* YOUR OBJECTIVE: Transcribe, starting at the line with "600 WASHINGTON Street, Sparta, Illinois" and ending at the line with "Warga Rela Antre", every line of the material below exactly, but leave out the pictures and anything outside that span.
Segment Start: INPUT FOR THIS TASK
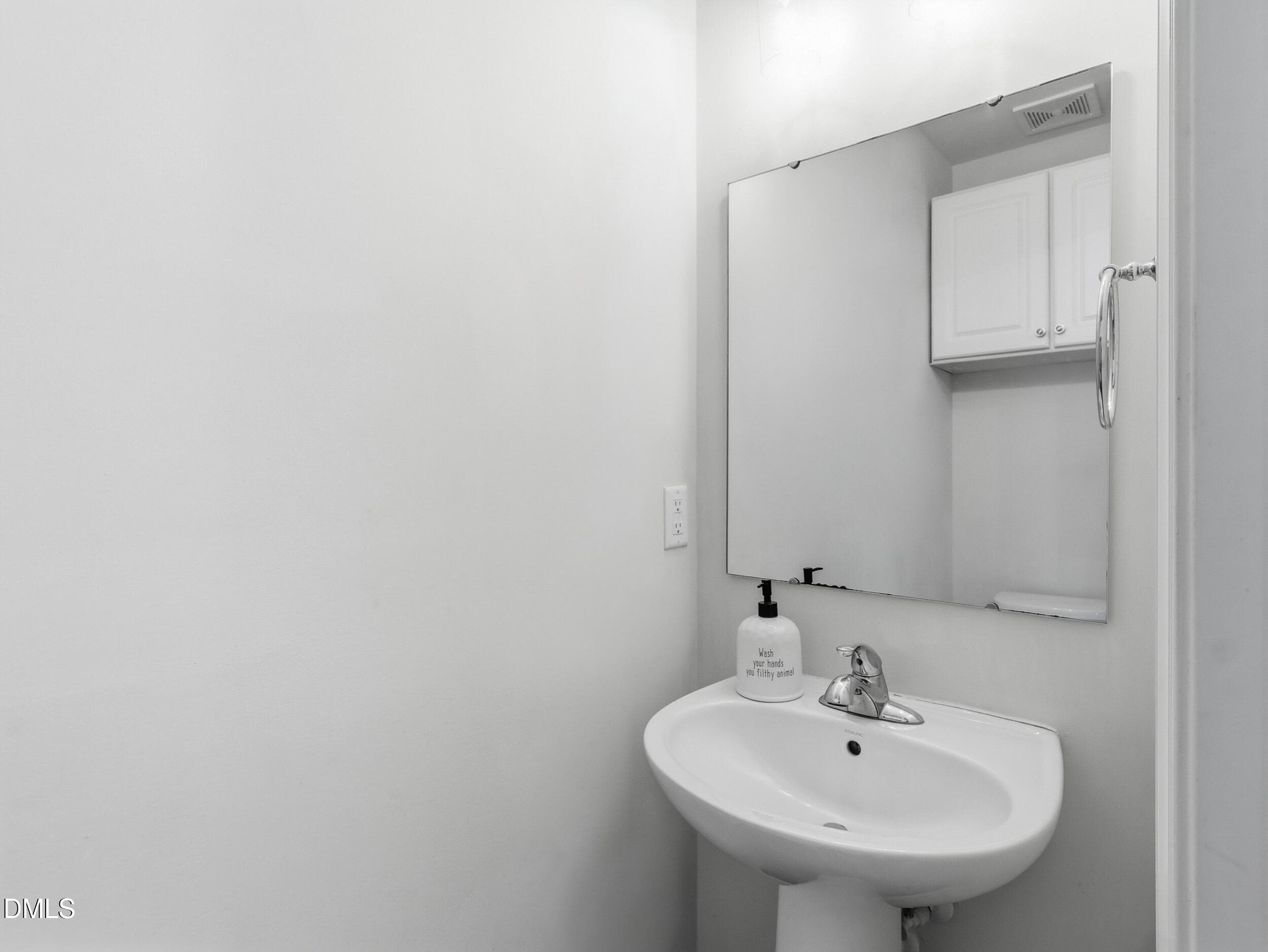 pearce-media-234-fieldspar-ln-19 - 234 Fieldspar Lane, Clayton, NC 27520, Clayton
Segment End: INPUT FOR THIS TASK
Segment Start: INPUT FOR THIS TASK
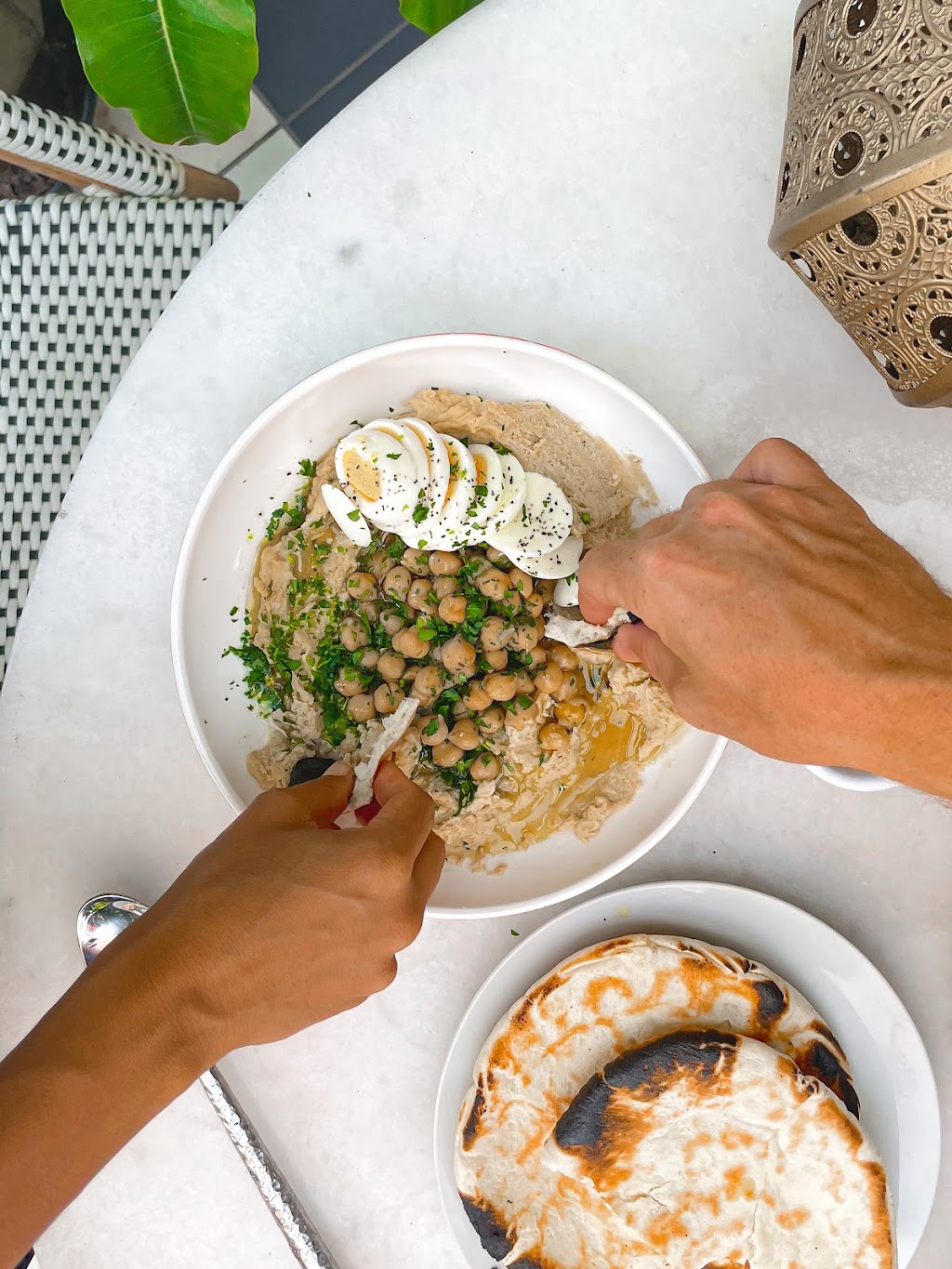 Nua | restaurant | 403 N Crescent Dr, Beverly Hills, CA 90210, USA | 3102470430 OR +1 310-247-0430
Segment End: INPUT FOR THIS TASK
Segment Start: INPUT FOR THIS TASK
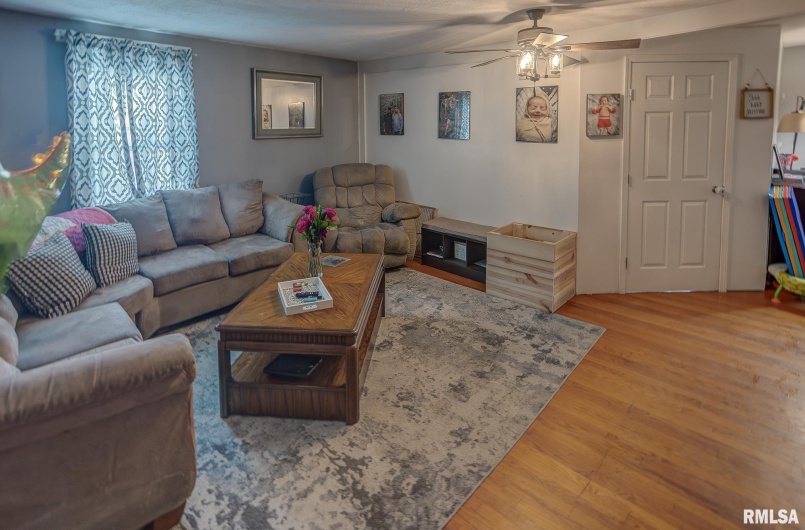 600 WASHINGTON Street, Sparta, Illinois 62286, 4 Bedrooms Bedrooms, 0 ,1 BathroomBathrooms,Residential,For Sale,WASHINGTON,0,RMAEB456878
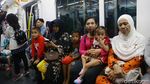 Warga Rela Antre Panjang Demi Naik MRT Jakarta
Segment End: INPUT FOR THIS TASK
* RESPONSE:
 600 WASHINGTON Street, Sparta, Illinois 62286, 4 Bedrooms Bedrooms, 0 ,1 BathroomBathrooms,Residential,For Sale,WASHINGTON,0,RMAEB456878
 Warga Rela Antre Panjang Demi Naik MRT Jakarta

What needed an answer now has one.